Curioso asunto, pues aquellos que se decían enemigos declarados de la política no se dedicaban a otra cosa que a la política, aunque, por supuesto, intentaban ocultarlo debajo de un disfraz al que se le veía demasiado pronto el cartón.
Los militares no odiaban la política -pues la practicaban de un modo intenso- sino que temían a una ciudadanía libre que pudiera arrebatarles el poder e instaurar un orden político respetuoso de las libertades y de los derechos de todos; incluidos los de ellos. A eso no estaban dispuestos.

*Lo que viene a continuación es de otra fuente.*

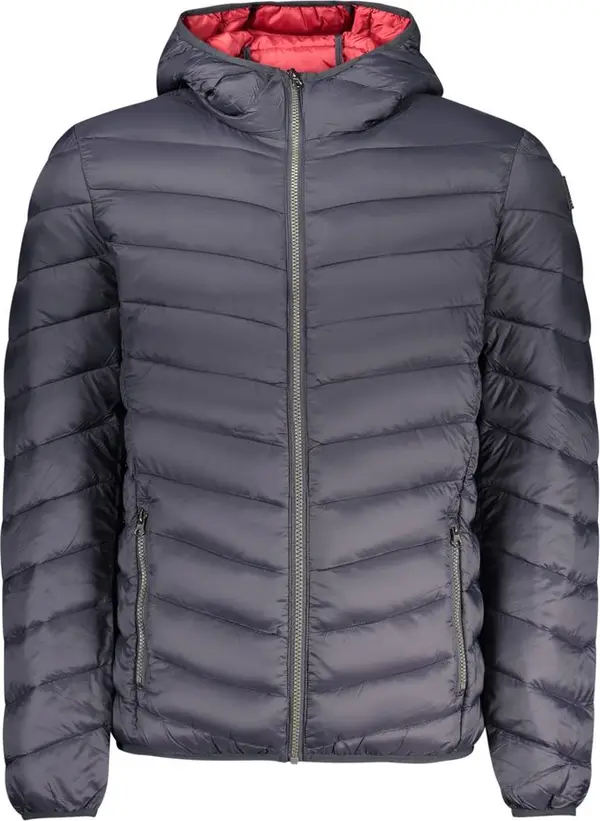 Blue Polyamide Men's Jacket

Una vez que los militares dejaron de ser una amenaza para las libertades públicas, los enemigos de éstas -que no se extinguieron, como muchos piensan, y que conviven con nosotros- encontraron amplísimos espacios dentro de las instituciones democráticas para poder concretar sus designios.

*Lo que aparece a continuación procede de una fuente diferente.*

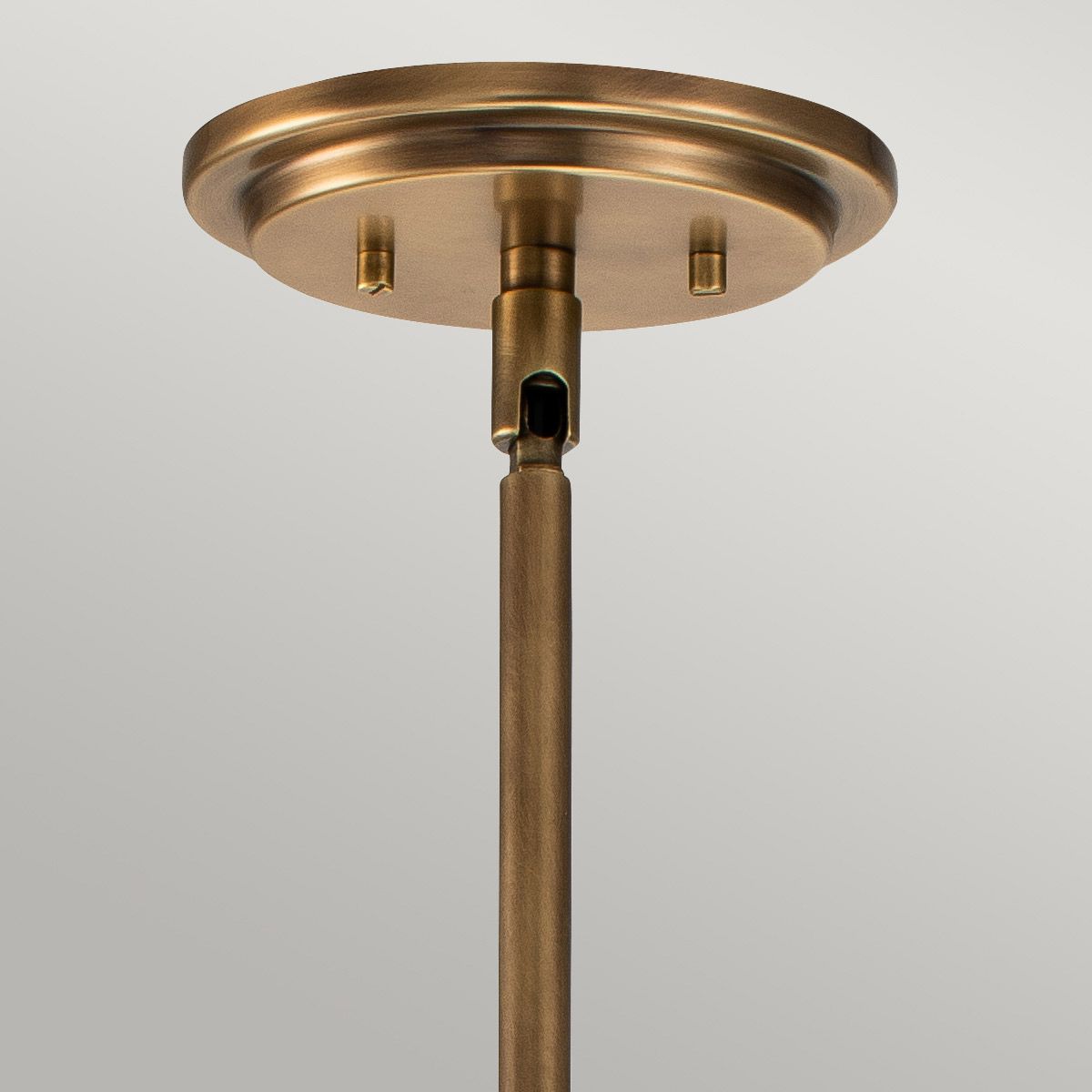 SOM 1 Light Pendant in Brass with Clear Seeded Glass - ID 13658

Este es un fenómeno al que ya me he referido en alguna otra ocasión, por lo que no me parece oportuno volver sobre él.
Lo que me interesa destacar ahora es que una buena parte de los políticos de hoy en día dejan aflorar inconscientemente su temor a una ciudadanía libre que, usando precisamente de su libertad, pueda poner en entredicho el mando que ellos detentan; o, lo que es lo mismo, cuestionarles el derecho divino a mandar. Igualitos que los militares, aunque sin uniformes, sin tanques y sin asonadas en Campo de Mayo.

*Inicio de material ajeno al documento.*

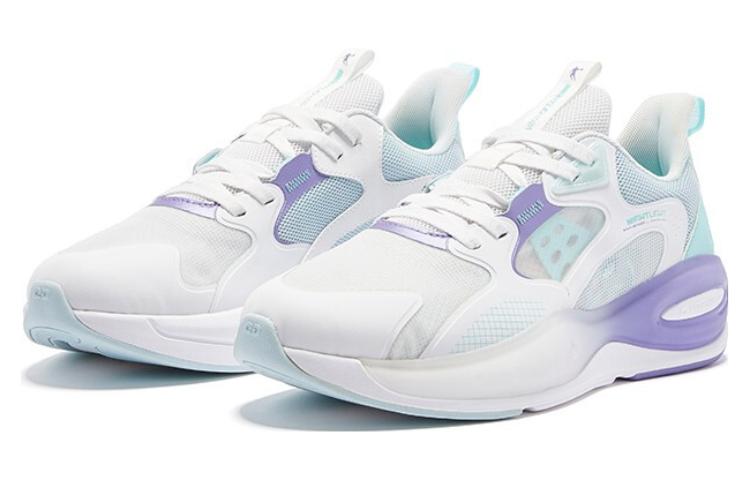 QIAODAN Cushioning Slip Resistant Low top Running Shoes Men’s Jordan White/Tranquil Blue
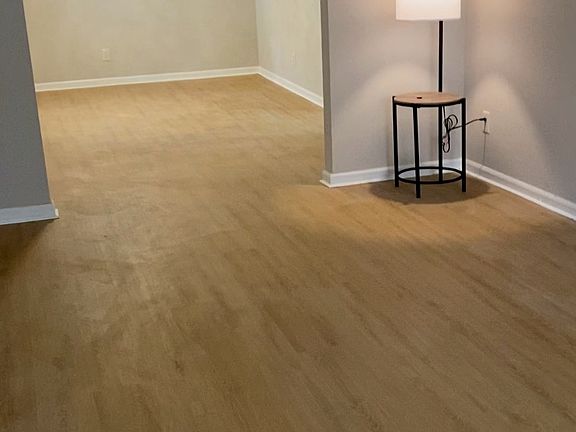 Living room and dining room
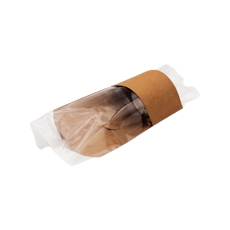 Pochette transparente pour wraps - 1 000 pc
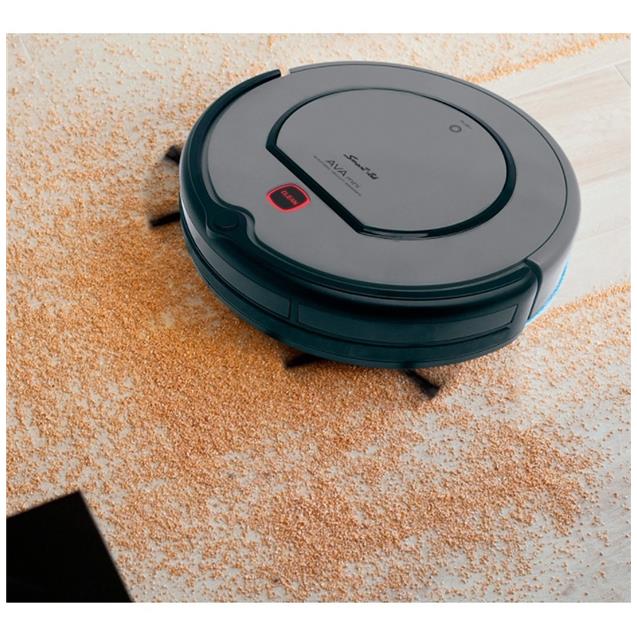 Aspiradora Robot Smart-Tek Ava Mini + Mopper Dark Grey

A estos políticos se les ve la patita de entrada cuando, frente a determinados gestos o expresiones que no les gustan, dicen que esto o aquello tiene 'intencionalidad política', como si, por tenerla, estuviésemos ante un crimen de lesa humanidad o poco menos.
Es casi una carta de presentación; una prueba indubitada de ADN.
Podemos distinguirlos con claridad, pues cuando alguien les planta cara y denuncia sus trapacerías, no tienen mejor ocurrencia que descalificar al atrevido diciendo: «no hay que hacerle caso; ése persigue una finalidad política», como si una acción ejecutada con intención política ocupara el puesto más desgraciado e infame de la escala moral.
Es decir, que para estos políticos, recelosos de la libertad y herederos de viejas taras autoritarias, son los otros, los diferentes a ellos, los que se dedican a esa actividad perversa, dañina e inmoral que en décadas pasadas execraron los militares liberticidas.
Son los actos de los demás -nunca los propios- los que tienen 'intencionalidad política' y, por ello mismo, les resultan despreciables en grado sumo.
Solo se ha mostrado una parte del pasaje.